The group, including Waukee APEX student Renee Piekema, and agriculture teacher Cindy Snell, traveled to Kosovo September 23-30, 2018. This partnership was first envisioned by former Iowa Secretary of Agriculture Bill Northey and Kosovo’s former Minister of Agriculture, Memli Krasniqi. It was organized by the Global Agriculture Learning Center at Hawkeye Community College, Iowa Sister States, the Iowa Farm Bureau, the Iowa FFA Association, the Iowa FFA Foundation, Waukee FFA, Waukee APEX and the Consulate of the Republic of Kosovo in Des Moines.
“This program was an amazing opportunity to build global understanding both in Iowa and Kosovo,” said Cindy Snell, agriculture teacher at Waukee Community School District. “Our lives will not be the same after an experience like this.”
While in Kosovo, the group met with representatives from the ministries of agriculture; education; and youth, culture, and sport.

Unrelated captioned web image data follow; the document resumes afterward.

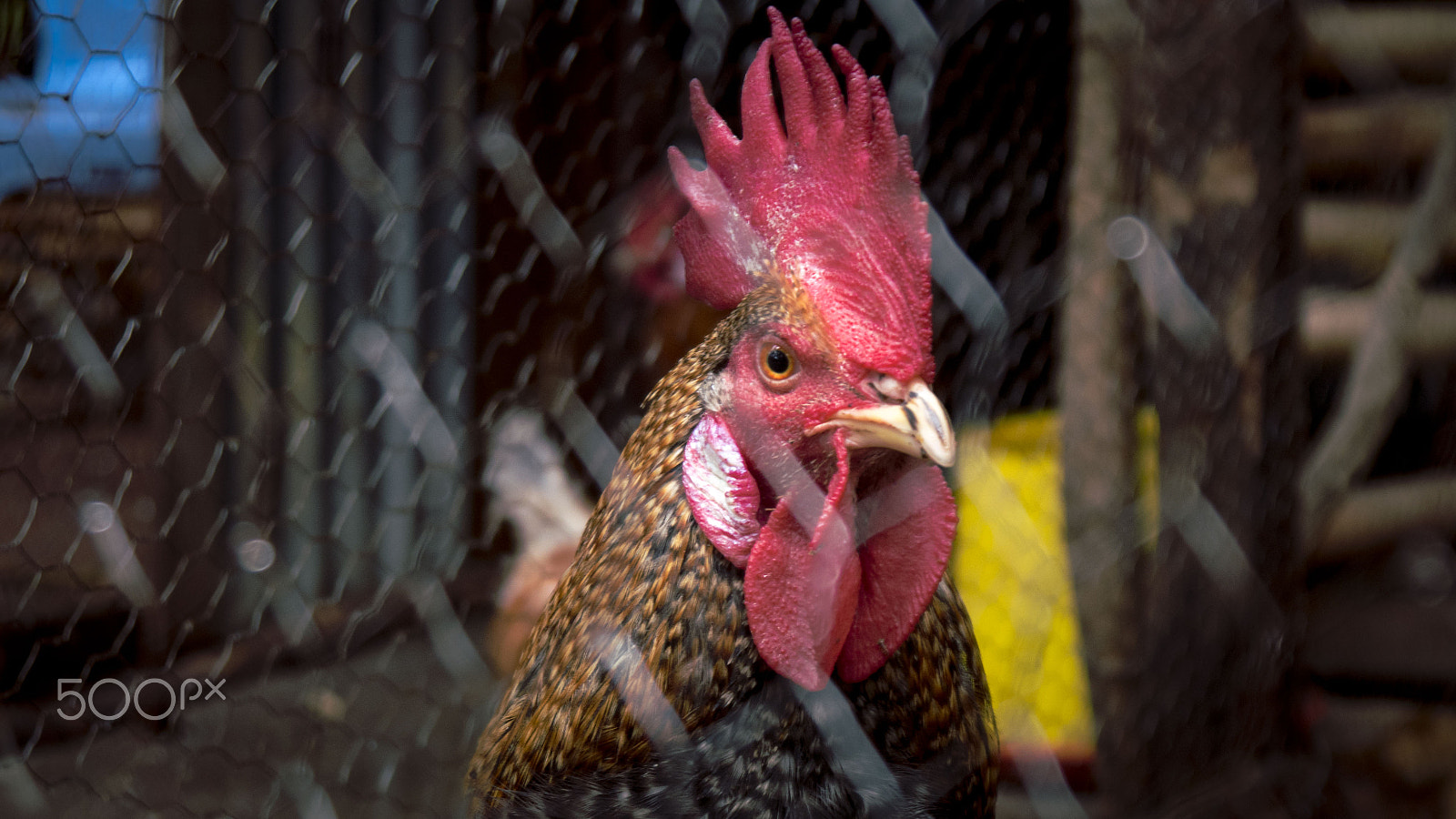 Panasonic Lumix DMC-GH4 sample photo. Rooster photography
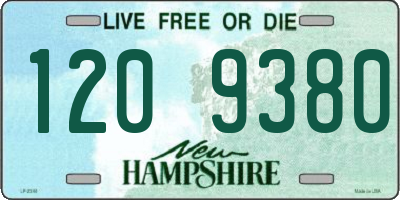 NH license plate 1209380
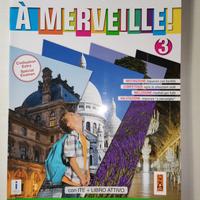 À merveille! Volume 3
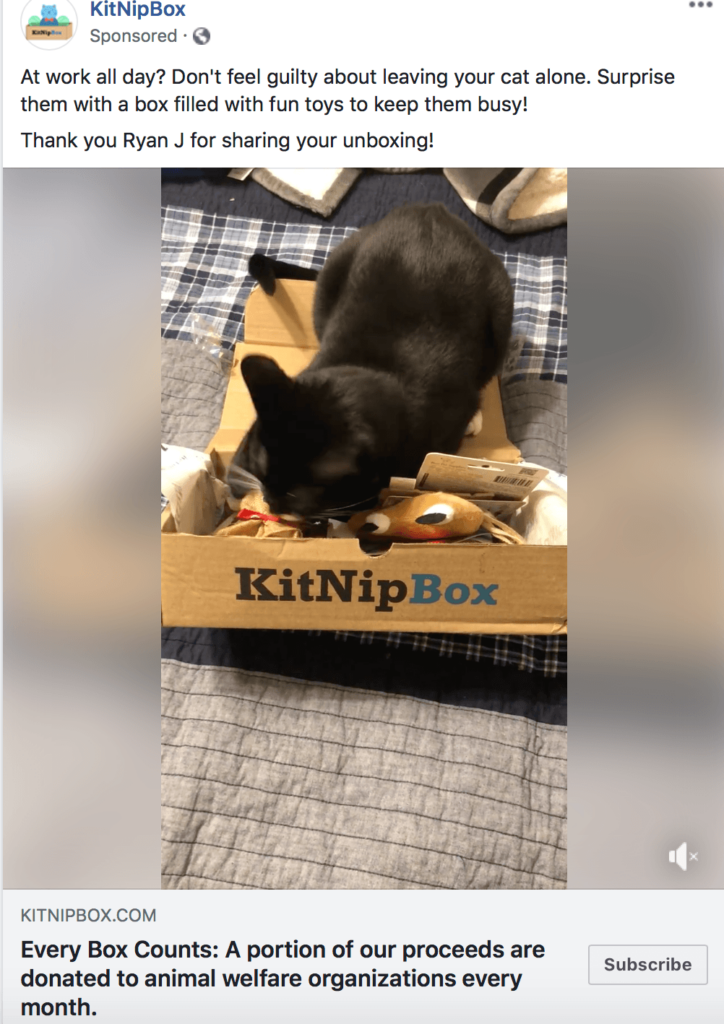 KitNipBox Facebook ad example using user generated content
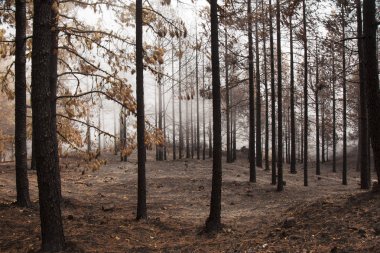Gran Canaria sonra orman yangını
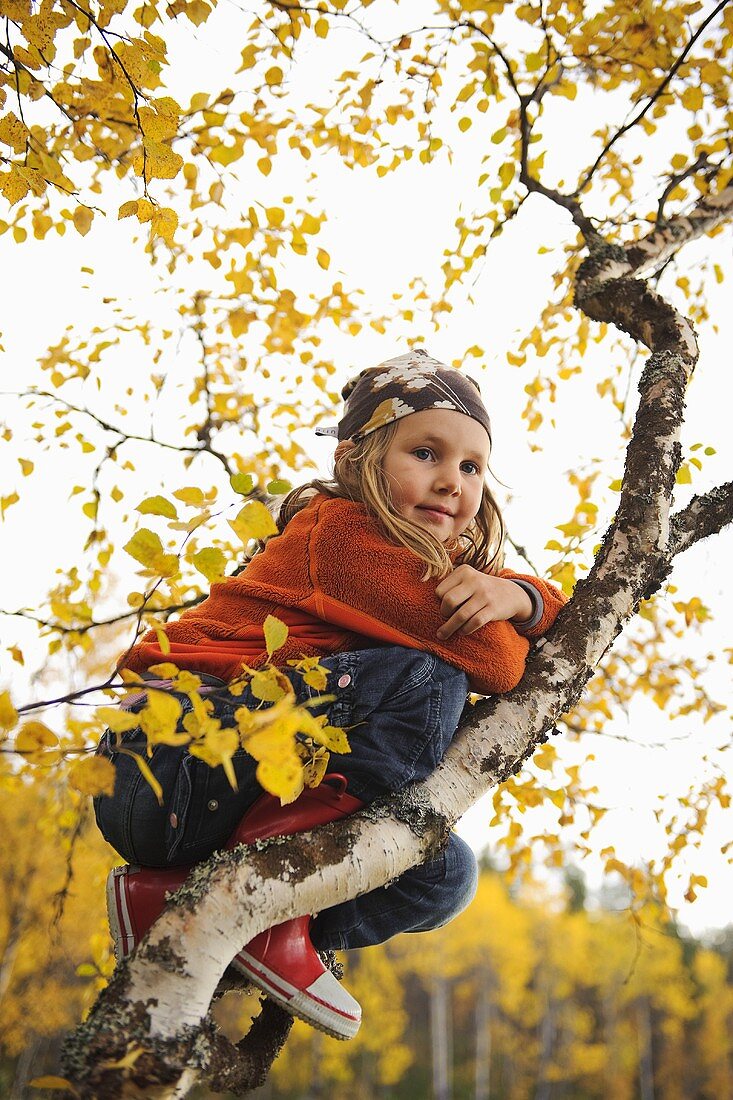 Girl sitting in an autumn tree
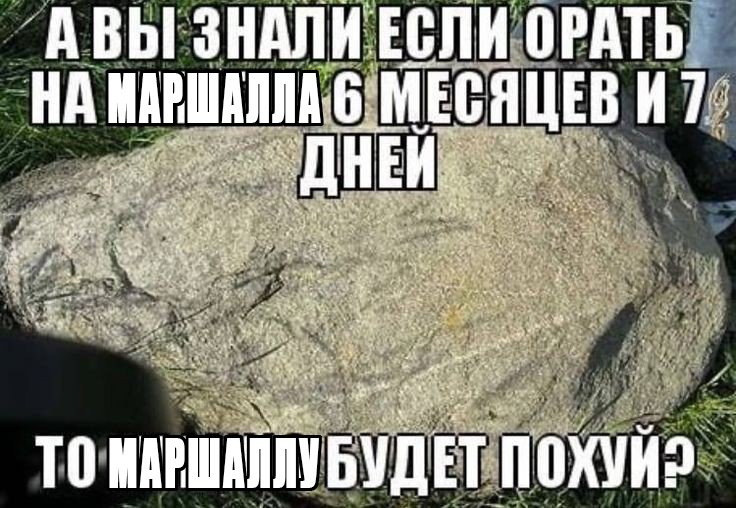 картинка для рашида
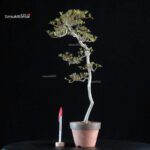 Azalea Satsuki KAKUO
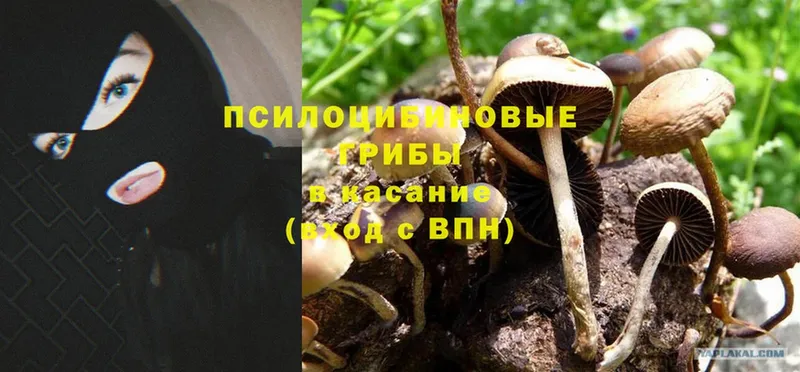 Галлюциногенные грибы MAGIC MUSHROOMS  Зерноград 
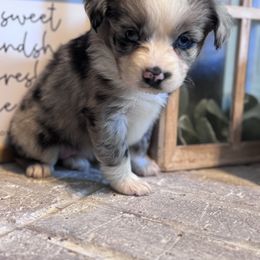 Australian Shepherd Puppies from Blue Creek Farm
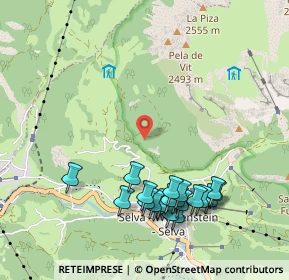 Mappa Via Daunei, 39048 Selva di Val Gardena BZ, Italia (1.1015)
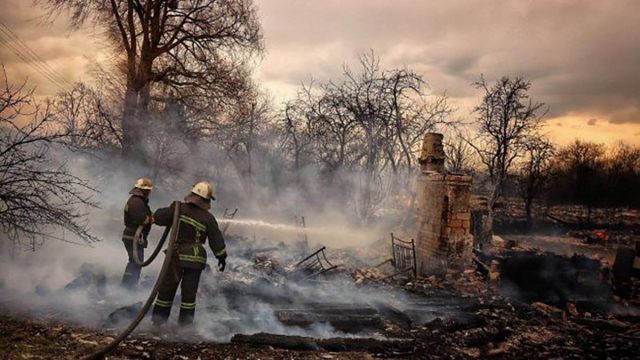 Пострадавшим от пожаров на Житомирщине выплатят компенсации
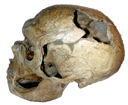 Crâne d'Homo neanderthalensis, La Chapelle aux saints
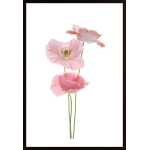 Pink Poppy Poster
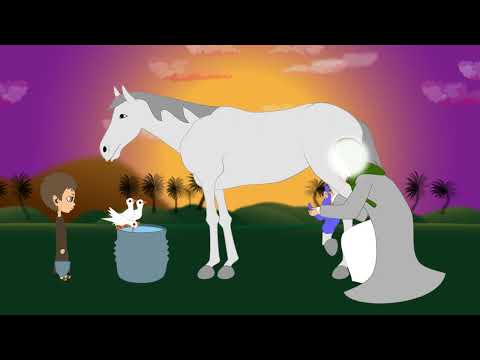 أنا شبل من شيعة حيدر أنشودة بمناسبة عيد الغدير الأغر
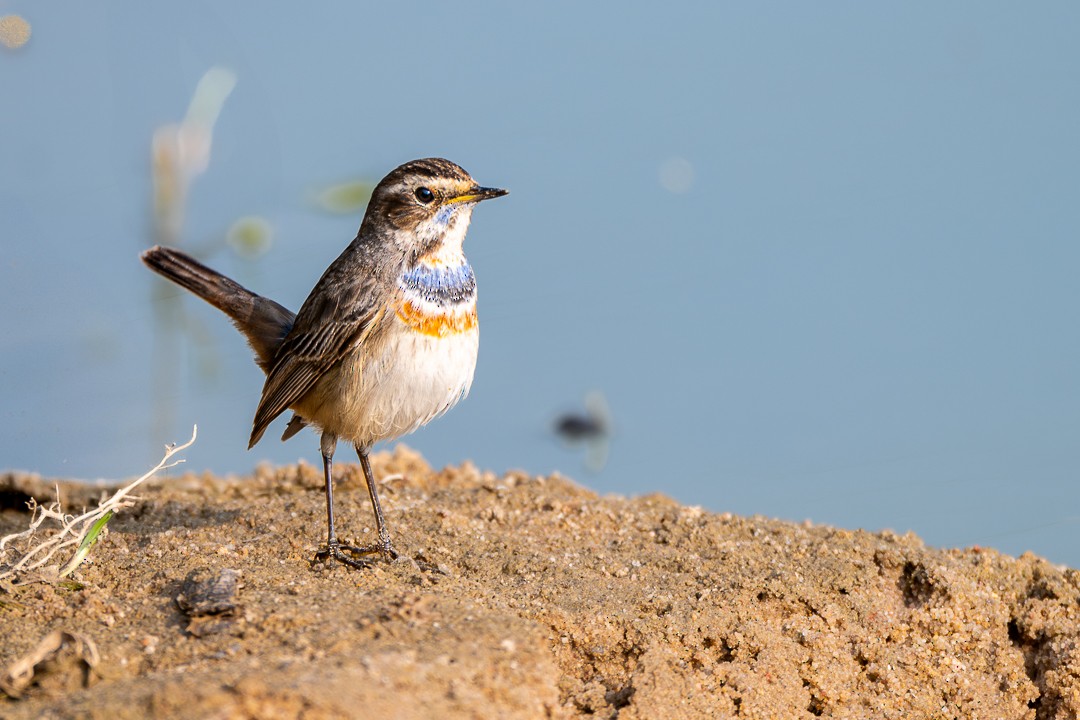 Bluethroat - ML637964550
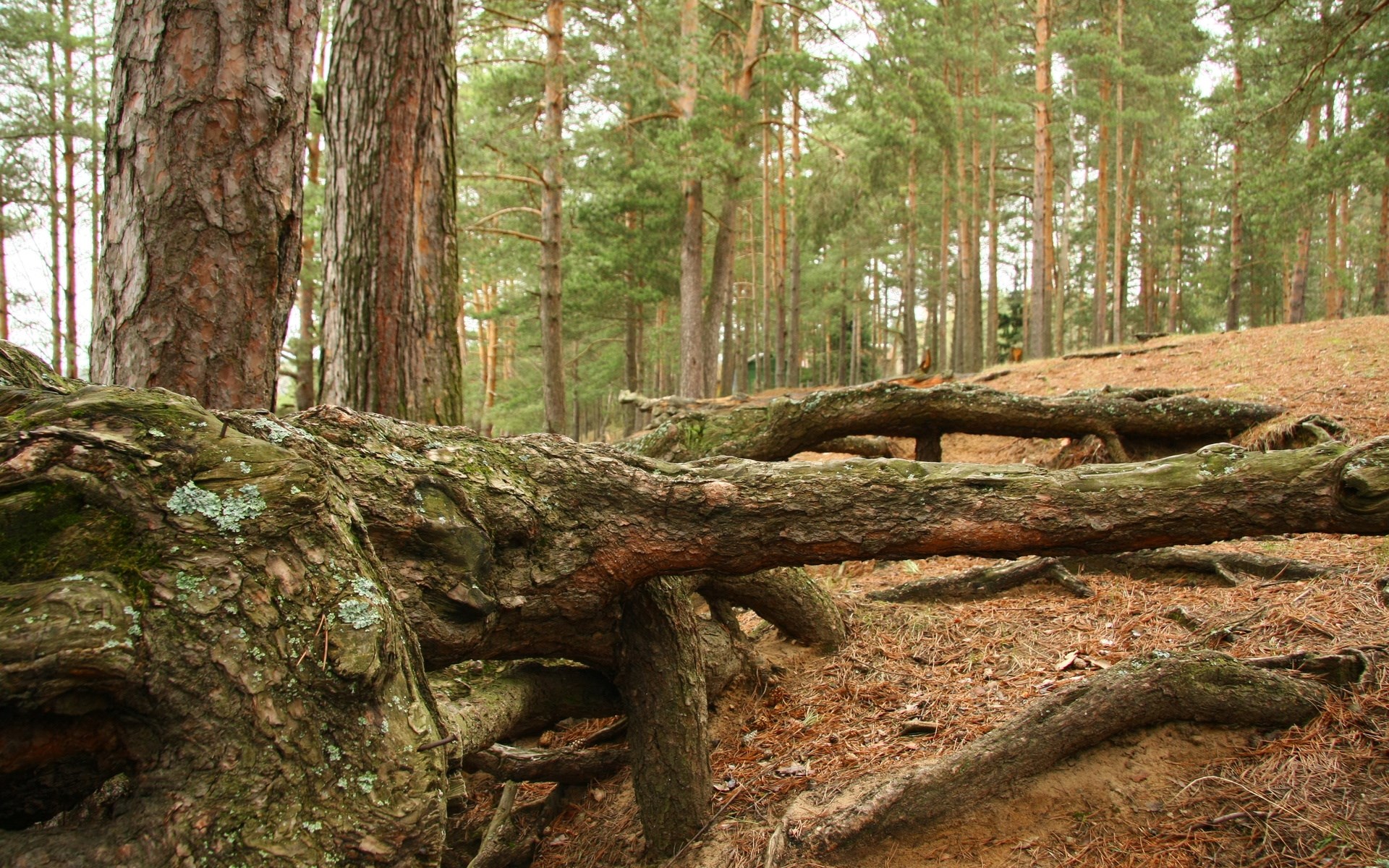 Exposed tree roots in a pine forest HD Wallpaper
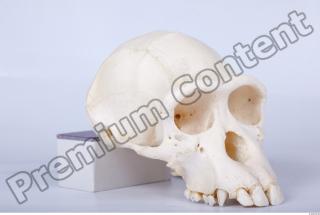 Skull chimpanzee 0053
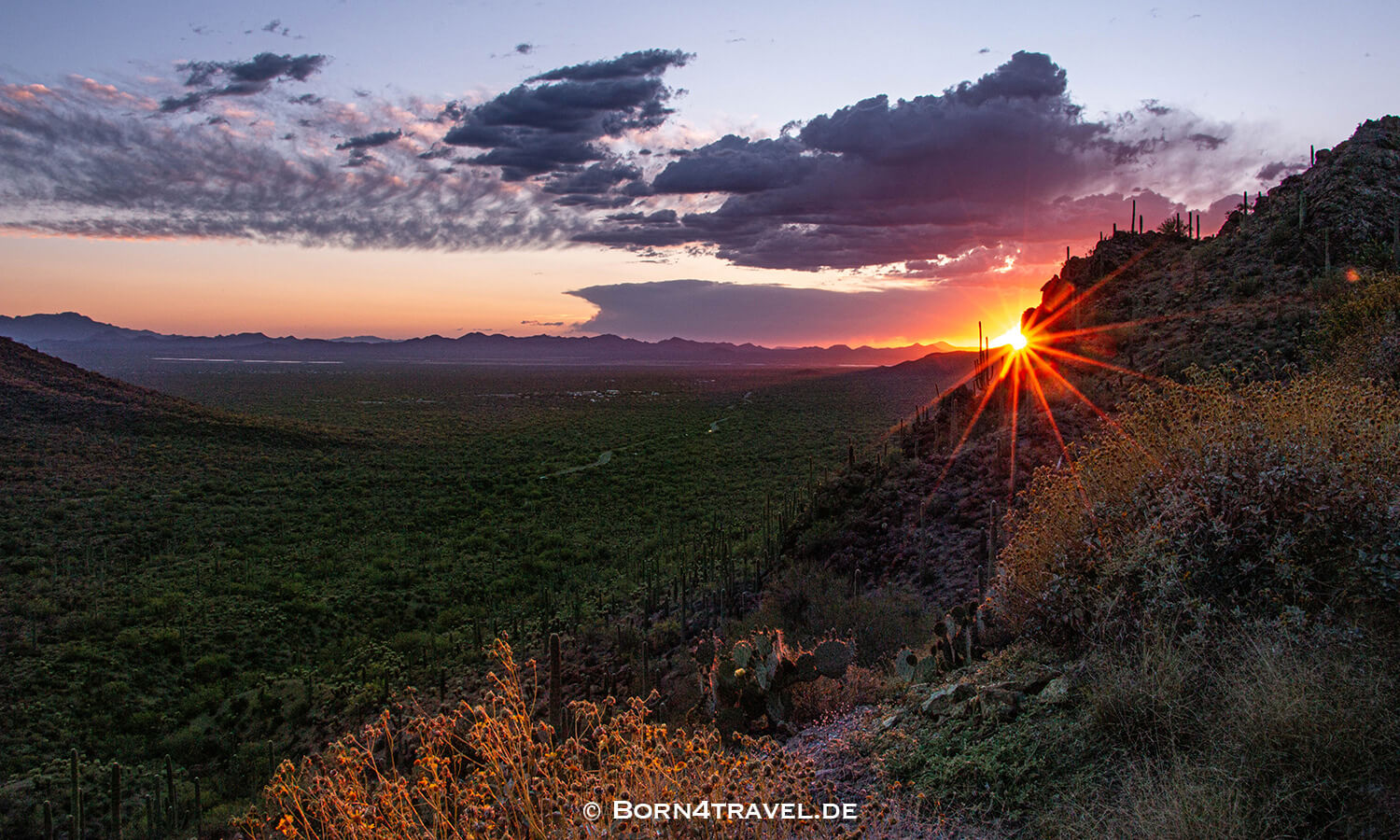 Sunset in Saguaro NP, Tucson,Arizona,USA,born4travel.de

They also toured local farms and agricultural businesses with representatives from the U.S. Agency for International Development (USAID), including a dairy, an orchard, and a greenhouse.
This war-stricken area only gained its independence from Serbia a decade ago and is now seeking solid footing to stand on its own, but this is not without its challenges. The unemployment rate for Kosovo’s population is 60 percent. The country is small, roughly the size of Delaware, and only 27 percent of that land is suitable for growing crops. The land that is productive does not look like the cropland here in Iowa (vast fields and fertile soil). Instead, Kosovo is home to small plots and only 15 percent of their soil used to grow a variety of foods like potatoes, berries, peppers, apples, melons and vine grapes, is considered “high quality.”
One in five jobs in Iowa is tied to agriculture, and our state is also the second largest exporter of ag goods in the U.S. But in Kosovo, they’re mainly trying to feed their own, and less than five percent of their jobs are attributed to ag.
The collaboration will continue with regular conversations between students and educators in Iowa and Kosovo, leading up to a stateside visit from the Kosovar delegation in April 2019.